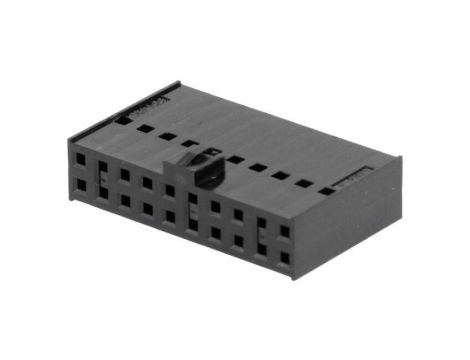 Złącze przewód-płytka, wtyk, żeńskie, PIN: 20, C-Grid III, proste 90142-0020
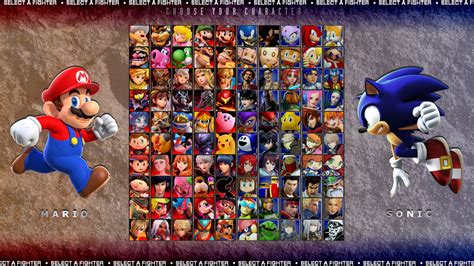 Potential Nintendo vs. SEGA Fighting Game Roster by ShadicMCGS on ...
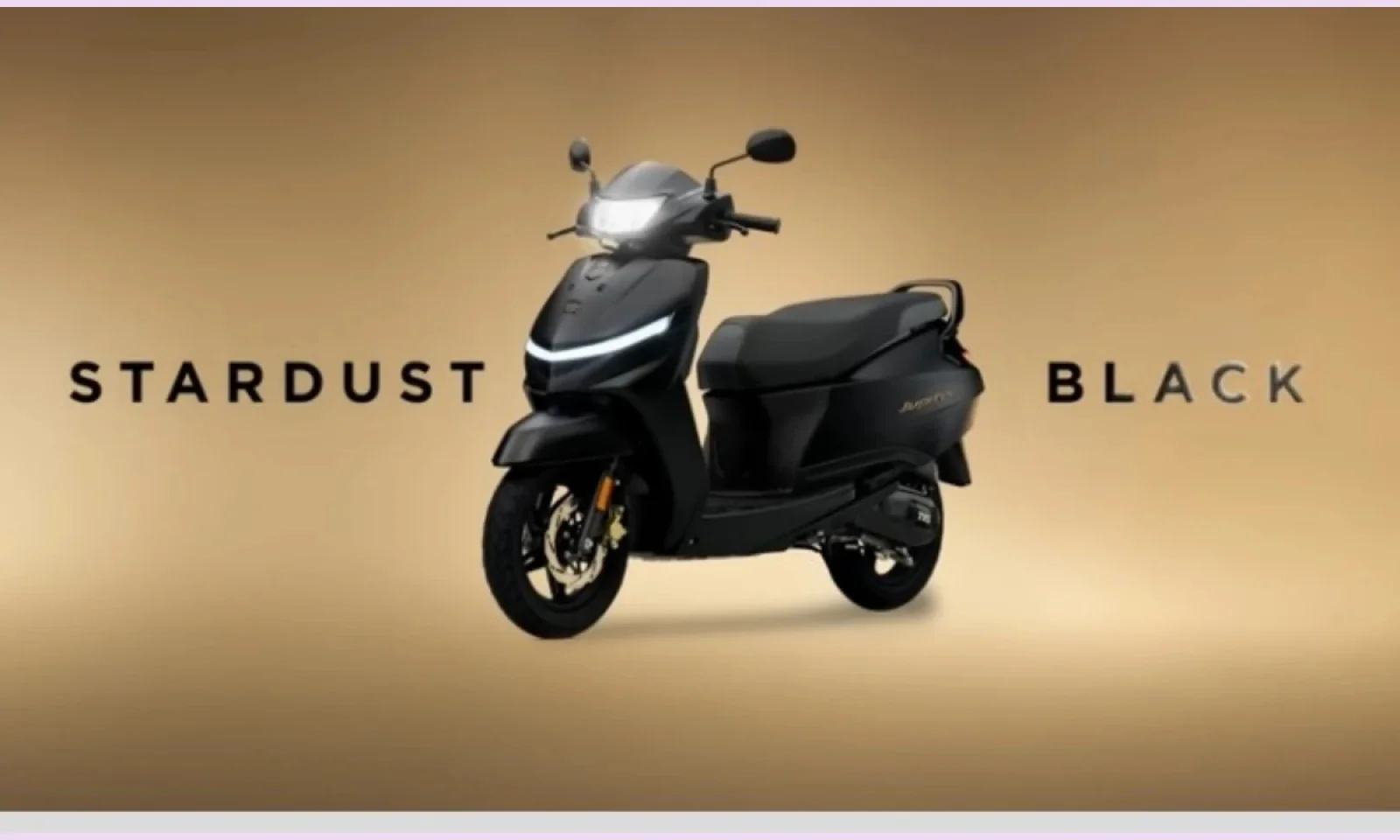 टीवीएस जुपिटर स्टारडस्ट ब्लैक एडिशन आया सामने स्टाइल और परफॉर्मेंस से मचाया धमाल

====

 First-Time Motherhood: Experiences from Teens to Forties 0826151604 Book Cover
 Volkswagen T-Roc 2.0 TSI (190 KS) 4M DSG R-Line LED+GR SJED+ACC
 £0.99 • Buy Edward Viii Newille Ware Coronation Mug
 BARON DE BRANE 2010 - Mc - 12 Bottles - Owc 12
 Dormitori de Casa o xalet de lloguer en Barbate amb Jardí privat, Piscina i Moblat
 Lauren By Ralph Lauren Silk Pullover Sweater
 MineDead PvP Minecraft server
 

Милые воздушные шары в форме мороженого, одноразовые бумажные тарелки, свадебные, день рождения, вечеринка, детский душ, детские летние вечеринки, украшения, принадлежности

====

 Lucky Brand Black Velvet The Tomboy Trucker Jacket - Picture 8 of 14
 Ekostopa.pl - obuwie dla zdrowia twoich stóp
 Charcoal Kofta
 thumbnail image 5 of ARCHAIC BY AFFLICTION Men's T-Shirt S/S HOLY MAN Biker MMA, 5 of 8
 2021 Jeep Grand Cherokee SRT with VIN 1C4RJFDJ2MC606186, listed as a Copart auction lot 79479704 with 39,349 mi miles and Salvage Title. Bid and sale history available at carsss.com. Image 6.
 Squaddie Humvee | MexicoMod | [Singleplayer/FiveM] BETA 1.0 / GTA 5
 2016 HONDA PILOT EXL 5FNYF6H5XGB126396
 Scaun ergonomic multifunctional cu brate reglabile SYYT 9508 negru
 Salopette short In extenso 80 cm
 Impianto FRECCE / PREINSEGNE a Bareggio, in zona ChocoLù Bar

====

Please return the material above only from the line that holds "Złącze przewód-płytka, wtyk, żeńskie, PIN: 20, C-Grid" through the line that holds "टीवीएस जुपिटर स्टारडस्ट", exactly as it stands, ends included and pictures omitted.

 Złącze przewód-płytka, wtyk, żeńskie, PIN: 20, C-Grid III, proste 90142-0020
 Potential Nintendo vs. SEGA Fighting Game Roster by ShadicMCGS on ...
 टीवीएस जुपिटर स्टारडस्ट ब्लैक एडिशन आया सामने स्टाइल और परफॉर्मेंस से मचाया धमाल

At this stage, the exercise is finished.